As an e-discovery lawyer at a large global law firm, I field many questions. The questions often repeat. When facing the same Frequently Asked Question (FAQ) for the umpteenth time, snappy retorts may spring to mind, usually in the form of a question back. It is important to remind oneself, however, that it is probably just the first time each particular person is posing the question. The questioner deserves a polite and thoughtful answer.

Here are three FAQs in e-discovery, the replies to avoid and some more appropriate responses:

Q: My client has a situation that may lead to litigation or a government investigation. Should they implement a legal hold? 

Avoid: That depends. Does the client enjoy responding to sanctions motions or prefer not to?

A: In most U.S. jurisdictions, preservation obligations attach as soon as litigation or an investigation is “reasonably anticipated.” If the client is asking counsel the above question, it probably is  reasonably anticipating litigation.

Of course, different courts have interpreted the standard in different ways, ranging from when litigation is “imminent” to when the potential for litigation is merely “foreseeable.” However, there are at least three factors that should lead most companies to err on the side of implementing a legal hold whenever in doubt: 

  1. It is usually not possible to know in advance what judge(s) or other official(s) may later be evaluating the company’s compliance with its preservation obligations, or how narrowly or broadly they will interpret and apply the standard.
  2. It typically only becomes an issue in retrospect, in cases that actually proceed to litigation or an investigation. Hindsight is always 20/20.
  3. The cost of implementing a legal hold is usually far less than the potential liability for failing to issue a legal hold should a judge or other official later decide that a hold was warranted.

There are occasional exceptions, where companies can reasonably argue that, at the time of the decision, it appeared that the potential for litigation was relatively small and the cost of implementing a hold exceeded any potential benefit. However, that approach can be risky if an adverse party has a basis to make contrary arguments. At a minimum, companies need to be prepared to document and defend the bases for such decisions in light of the prevailing legal standards. 

Q: I’ve heard that computers can now replace human beings to screen documents for relevance and privilege using predictive coding technology. Can we use predictive coding on my case? 

Avoid: If the computer is so smart, why don’t you ask it? 

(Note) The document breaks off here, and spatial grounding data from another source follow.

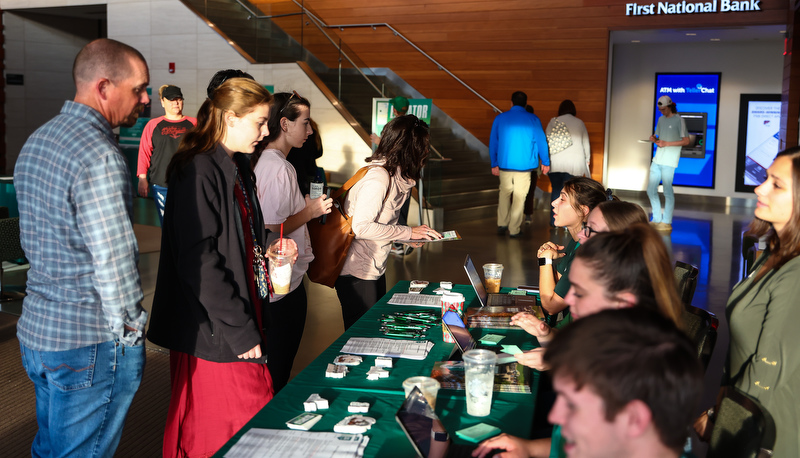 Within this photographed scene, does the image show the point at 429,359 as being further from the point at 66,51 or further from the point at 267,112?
the point at 66,51

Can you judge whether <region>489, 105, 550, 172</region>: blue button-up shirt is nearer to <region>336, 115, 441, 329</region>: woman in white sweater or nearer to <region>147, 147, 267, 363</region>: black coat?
<region>336, 115, 441, 329</region>: woman in white sweater

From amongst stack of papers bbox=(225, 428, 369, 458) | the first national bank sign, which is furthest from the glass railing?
stack of papers bbox=(225, 428, 369, 458)

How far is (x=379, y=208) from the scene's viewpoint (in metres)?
3.33

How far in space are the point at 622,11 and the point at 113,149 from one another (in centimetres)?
1024

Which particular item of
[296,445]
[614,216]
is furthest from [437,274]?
[296,445]

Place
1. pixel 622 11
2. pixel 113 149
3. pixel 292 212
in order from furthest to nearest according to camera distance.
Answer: pixel 622 11 → pixel 292 212 → pixel 113 149

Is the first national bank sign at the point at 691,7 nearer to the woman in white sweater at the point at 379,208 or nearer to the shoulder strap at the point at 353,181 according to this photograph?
the woman in white sweater at the point at 379,208

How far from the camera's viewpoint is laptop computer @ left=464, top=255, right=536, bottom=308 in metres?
3.07

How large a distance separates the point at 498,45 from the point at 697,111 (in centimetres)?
401

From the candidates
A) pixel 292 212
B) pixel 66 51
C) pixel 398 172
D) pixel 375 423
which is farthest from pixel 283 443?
pixel 66 51

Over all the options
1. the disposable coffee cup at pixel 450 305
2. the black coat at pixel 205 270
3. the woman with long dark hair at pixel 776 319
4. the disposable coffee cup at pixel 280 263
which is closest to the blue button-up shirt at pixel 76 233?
the black coat at pixel 205 270

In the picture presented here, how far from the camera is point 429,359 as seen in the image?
7.96 ft

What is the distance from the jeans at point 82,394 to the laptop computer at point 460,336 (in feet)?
3.41

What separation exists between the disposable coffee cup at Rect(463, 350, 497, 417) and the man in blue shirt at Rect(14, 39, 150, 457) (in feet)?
3.17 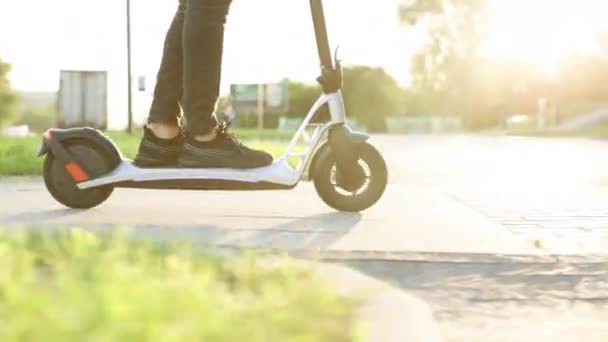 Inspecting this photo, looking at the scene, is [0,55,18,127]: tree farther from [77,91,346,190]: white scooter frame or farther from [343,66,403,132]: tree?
[77,91,346,190]: white scooter frame

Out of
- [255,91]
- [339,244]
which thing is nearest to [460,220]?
[339,244]

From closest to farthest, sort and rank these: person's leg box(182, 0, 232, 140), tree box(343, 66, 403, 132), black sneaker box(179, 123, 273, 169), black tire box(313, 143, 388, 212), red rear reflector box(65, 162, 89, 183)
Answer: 1. person's leg box(182, 0, 232, 140)
2. black sneaker box(179, 123, 273, 169)
3. red rear reflector box(65, 162, 89, 183)
4. black tire box(313, 143, 388, 212)
5. tree box(343, 66, 403, 132)

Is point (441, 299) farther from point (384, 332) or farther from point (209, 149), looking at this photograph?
point (209, 149)

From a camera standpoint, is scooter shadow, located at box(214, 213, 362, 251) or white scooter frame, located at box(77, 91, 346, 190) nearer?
scooter shadow, located at box(214, 213, 362, 251)

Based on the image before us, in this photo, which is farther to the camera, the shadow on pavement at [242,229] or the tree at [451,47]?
the tree at [451,47]

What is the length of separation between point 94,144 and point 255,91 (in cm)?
3478

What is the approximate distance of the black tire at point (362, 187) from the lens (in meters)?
4.14

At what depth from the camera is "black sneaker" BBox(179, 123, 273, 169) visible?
12.6 feet

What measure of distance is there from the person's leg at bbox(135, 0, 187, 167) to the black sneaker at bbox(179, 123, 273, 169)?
0.29 ft

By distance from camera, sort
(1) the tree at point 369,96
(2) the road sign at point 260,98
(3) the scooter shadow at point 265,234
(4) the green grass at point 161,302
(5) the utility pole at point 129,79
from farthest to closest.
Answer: (1) the tree at point 369,96 < (2) the road sign at point 260,98 < (5) the utility pole at point 129,79 < (3) the scooter shadow at point 265,234 < (4) the green grass at point 161,302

A: There are a number of exciting new technologies currently being developed and refined to reduce time and costs in document review. We are not, however, at a point where computers can entirely replace human lawyers in performing document review. Predictive coding software needs to be trained by human decisions on any given population of documents and a large number of those documents, typically across many sample sets, need to be reviewed before the software can achieve acceptable accuracy levels. Even so, most developers of predictive coding software are not recommending reliance on the software for final privilege determinations, as those determinations sometimes require complex analyses, and mistakes can have serious negative consequences. 

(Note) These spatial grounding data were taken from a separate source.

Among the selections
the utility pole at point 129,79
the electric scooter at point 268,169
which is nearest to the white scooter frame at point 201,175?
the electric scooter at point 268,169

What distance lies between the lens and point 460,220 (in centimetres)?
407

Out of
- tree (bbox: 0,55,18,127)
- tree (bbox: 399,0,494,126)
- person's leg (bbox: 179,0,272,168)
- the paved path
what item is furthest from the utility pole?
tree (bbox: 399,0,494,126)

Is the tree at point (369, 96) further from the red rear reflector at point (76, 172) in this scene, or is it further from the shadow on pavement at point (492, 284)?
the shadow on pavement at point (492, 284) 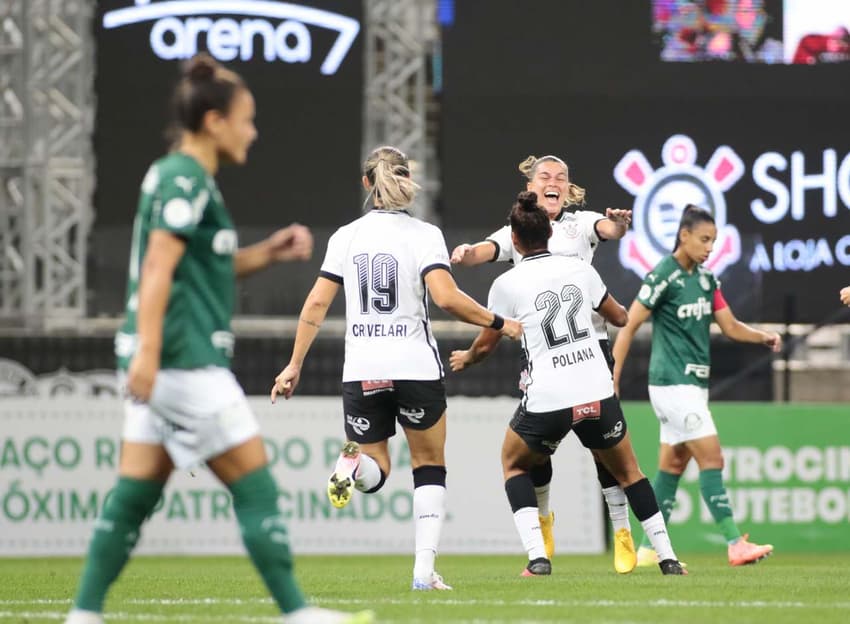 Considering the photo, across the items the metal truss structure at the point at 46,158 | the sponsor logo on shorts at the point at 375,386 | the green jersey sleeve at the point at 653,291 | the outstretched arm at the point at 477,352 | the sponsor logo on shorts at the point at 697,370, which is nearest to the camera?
the sponsor logo on shorts at the point at 375,386

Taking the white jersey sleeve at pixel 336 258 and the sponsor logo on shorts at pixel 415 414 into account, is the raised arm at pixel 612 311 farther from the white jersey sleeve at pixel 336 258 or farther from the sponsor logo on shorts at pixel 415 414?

To date, predictive coding has been approved for use in only two published court cases. In one of those two cases, Da Silva Moore v Publicis Groupe & MSL Group, both parties agreed to its use. Even in that case, the plaintiff then objected to the protocol approved by the court. In the other case, Global Aerospace Inc. v. Landow Aviation, the court allowed the use of predictive coding over the plaintiff’s objection, but included little discussion or analysis in the opinion. There is no case, as yet, where predictive coding technology actually has been applied and found to achieve acceptable accuracy levels, so lawyers and technologists are closely following the cases where the technology is now being tried.

The bottom line is that predictive coding technology holds a great deal of promise, but there are hurdles yet to overcome, and it would be risky to rely on predictive coding technology as a substitute for human lawyer review absent the agreement of adverse parties or judicial approval to use the technology.

Finally, perhaps the most common FAQ, and my personal favorite:

Q: We’re handling a new matter where there will be a lot of e-discovery. We don’t know the volume yet but we have to prepare a budget. How much will it cost?

Avoid: How much you got? 

A: Many of our firm’s 60-plus e-discovery attorneys have been doing this kind of work for a long time. We have the data to price by the hour, by the document or even by the gigabyte. 

Until we know the volume of information likely to require review, we won’t be able to provide an accurate cost estimate. The good news is that the cost savings that we are now able to achieve through advanced technology, optimal workflows and low-cost but experienced e-discovery attorneys is likely to make that cost estimate far more palatable than it otherwise would be.

We will be glad to try to help you come up with an estimate, however, if you first just answer a few of our FAQs!